### [WHAT YOU WILL DO]
Scan the records below for the line with "56th Rescue Squadron" and the line with "Hilton Garden Inn". Repeat those two lines and every line between them exactly, and nothing else.
----- AVAILABLE DATA -----
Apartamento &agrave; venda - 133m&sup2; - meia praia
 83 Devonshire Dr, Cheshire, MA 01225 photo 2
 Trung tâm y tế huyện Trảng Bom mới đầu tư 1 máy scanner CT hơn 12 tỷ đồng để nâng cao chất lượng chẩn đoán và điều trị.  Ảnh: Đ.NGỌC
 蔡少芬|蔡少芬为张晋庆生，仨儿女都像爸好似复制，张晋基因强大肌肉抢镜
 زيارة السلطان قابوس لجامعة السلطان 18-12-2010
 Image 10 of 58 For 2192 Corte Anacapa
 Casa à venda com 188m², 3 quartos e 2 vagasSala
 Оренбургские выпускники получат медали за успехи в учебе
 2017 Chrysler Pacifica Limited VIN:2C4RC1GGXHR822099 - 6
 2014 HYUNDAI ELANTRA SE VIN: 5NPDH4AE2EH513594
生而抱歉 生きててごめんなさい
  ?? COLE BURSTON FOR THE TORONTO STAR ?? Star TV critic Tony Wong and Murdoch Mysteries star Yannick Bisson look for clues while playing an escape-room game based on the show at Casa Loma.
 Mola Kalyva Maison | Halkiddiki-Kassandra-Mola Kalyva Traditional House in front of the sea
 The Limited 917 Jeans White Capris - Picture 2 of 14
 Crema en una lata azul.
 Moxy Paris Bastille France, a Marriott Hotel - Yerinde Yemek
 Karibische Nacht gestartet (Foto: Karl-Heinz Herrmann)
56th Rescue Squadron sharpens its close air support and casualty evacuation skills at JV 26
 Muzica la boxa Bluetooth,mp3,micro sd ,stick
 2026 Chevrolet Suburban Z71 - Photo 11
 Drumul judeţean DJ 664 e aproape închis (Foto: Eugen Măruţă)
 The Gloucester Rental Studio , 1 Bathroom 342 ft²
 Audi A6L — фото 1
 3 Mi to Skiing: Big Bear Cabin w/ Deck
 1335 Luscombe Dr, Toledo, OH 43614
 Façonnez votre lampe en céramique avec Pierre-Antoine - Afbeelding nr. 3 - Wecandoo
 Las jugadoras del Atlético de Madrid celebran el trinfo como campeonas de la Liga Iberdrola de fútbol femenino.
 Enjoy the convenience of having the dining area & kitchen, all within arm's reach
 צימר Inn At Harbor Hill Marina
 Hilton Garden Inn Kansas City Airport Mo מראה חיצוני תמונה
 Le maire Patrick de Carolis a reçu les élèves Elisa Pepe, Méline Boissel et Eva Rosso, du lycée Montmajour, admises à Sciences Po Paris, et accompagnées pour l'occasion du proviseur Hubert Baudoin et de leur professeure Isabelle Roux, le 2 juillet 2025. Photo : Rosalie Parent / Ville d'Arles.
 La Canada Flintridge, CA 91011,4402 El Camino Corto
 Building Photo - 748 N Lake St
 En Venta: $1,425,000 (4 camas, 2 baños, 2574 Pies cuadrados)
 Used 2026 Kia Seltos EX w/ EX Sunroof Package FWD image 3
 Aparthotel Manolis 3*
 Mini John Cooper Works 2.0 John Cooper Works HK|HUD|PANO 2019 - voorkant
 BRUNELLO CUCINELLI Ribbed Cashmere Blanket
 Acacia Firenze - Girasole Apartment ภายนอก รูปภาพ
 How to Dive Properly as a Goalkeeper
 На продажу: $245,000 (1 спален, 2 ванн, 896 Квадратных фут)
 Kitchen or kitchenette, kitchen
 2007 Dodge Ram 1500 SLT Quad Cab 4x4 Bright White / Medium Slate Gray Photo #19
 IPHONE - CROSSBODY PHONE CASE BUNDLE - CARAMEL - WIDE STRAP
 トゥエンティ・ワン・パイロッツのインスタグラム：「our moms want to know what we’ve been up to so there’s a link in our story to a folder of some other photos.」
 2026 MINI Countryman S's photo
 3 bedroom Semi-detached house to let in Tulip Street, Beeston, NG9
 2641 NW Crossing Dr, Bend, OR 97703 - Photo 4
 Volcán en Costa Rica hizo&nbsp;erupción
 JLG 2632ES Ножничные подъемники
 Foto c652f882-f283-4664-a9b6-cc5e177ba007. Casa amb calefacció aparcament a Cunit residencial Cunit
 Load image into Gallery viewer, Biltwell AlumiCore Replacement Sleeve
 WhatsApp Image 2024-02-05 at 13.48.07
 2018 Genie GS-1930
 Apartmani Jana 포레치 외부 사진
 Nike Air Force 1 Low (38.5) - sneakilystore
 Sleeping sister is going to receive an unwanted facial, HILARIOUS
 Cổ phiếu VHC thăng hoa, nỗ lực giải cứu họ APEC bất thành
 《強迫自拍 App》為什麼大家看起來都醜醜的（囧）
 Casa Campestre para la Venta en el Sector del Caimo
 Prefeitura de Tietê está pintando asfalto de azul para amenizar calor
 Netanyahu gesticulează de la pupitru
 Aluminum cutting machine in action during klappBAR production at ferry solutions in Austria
-----
### [SOLUTION FOR THIS PROBLEM]
56th Rescue Squadron sharpens its close air support and casualty evacuation skills at JV 26
 Muzica la boxa Bluetooth,mp3,micro sd ,stick
 2026 Chevrolet Suburban Z71 - Photo 11
 Drumul judeţean DJ 664 e aproape închis (Foto: Eugen Măruţă)
 The Gloucester Rental Studio , 1 Bathroom 342 ft²
 Audi A6L — фото 1
 3 Mi to Skiing: Big Bear Cabin w/ Deck
 1335 Luscombe Dr, Toledo, OH 43614
 Façonnez votre lampe en céramique avec Pierre-Antoine - Afbeelding nr. 3 - Wecandoo
 Las jugadoras del Atlético de Madrid celebran el trinfo como campeonas de la Liga Iberdrola de fútbol femenino.
 Enjoy the convenience of having the dining area & kitchen, all within arm's reach
 צימר Inn At Harbor Hill Marina
 Hilton Garden Inn Kansas City Airport Mo מראה חיצוני תמונה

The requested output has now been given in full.